- **Data to use**:
>>>

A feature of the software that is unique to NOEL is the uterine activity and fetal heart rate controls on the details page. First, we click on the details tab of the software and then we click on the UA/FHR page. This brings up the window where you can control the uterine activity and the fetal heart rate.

<<<
>>>

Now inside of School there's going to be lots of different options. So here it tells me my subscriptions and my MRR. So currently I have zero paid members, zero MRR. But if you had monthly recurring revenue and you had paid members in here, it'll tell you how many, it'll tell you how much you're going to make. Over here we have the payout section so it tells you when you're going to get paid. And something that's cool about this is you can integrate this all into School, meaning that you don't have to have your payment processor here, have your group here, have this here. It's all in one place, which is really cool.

<<<
>>>

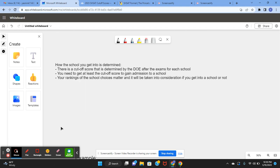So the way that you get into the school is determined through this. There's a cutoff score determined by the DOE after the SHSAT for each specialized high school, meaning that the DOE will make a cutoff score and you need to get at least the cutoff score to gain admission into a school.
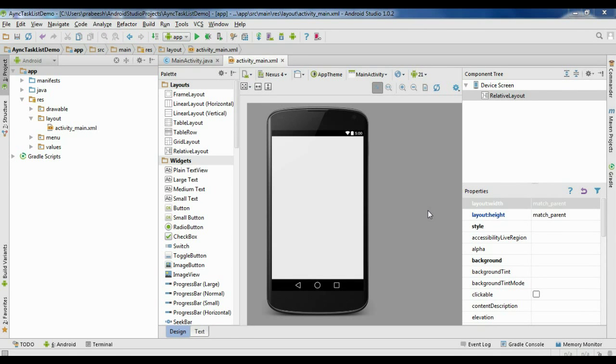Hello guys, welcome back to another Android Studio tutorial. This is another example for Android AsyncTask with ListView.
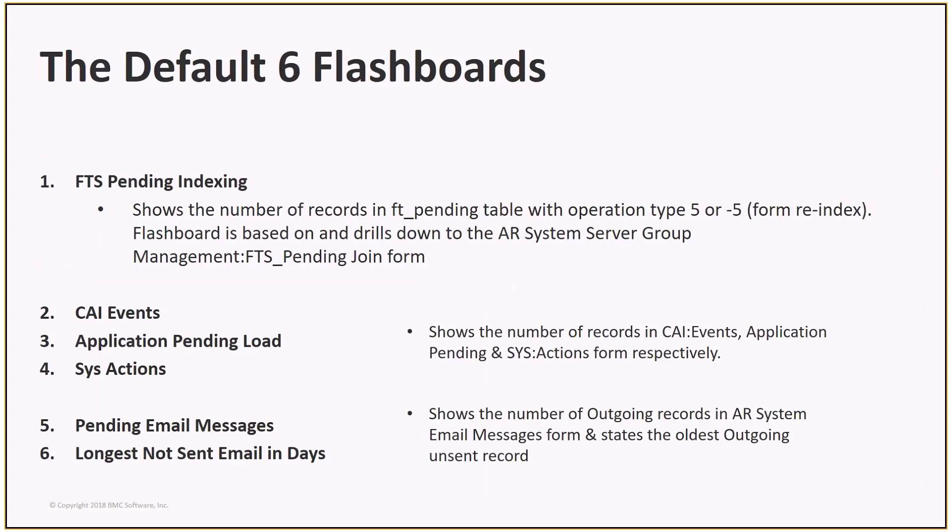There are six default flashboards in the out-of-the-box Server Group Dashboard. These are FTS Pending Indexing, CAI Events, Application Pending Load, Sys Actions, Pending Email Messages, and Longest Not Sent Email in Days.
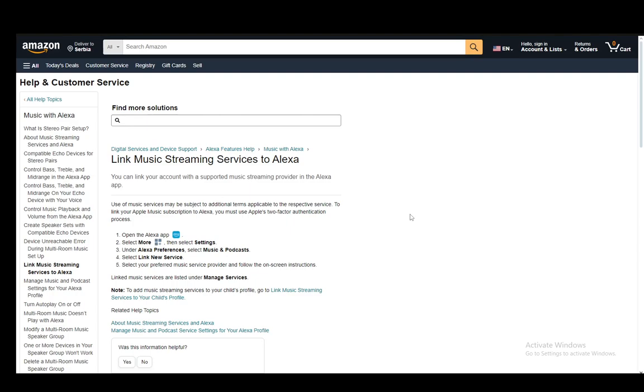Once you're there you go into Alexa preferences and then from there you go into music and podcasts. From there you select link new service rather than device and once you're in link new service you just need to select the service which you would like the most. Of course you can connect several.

<<<

- **Action item**: What are the lines in the records above, word for word, from the one containing "Hello guys, welcome" through the one containing "Once you're there", both ends included and pictures left out?

- **Answer below**:
Hello guys, welcome back to another Android Studio tutorial. This is another example for Android AsyncTask with ListView.
There are six default flashboards in the out-of-the-box Server Group Dashboard. These are FTS Pending Indexing, CAI Events, Application Pending Load, Sys Actions, Pending Email Messages, and Longest Not Sent Email in Days.
Once you're there you go into Alexa preferences and then from there you go into music and podcasts. From there you select link new service rather than device and once you're in link new service you just need to select the service which you would like the most. Of course you can connect several.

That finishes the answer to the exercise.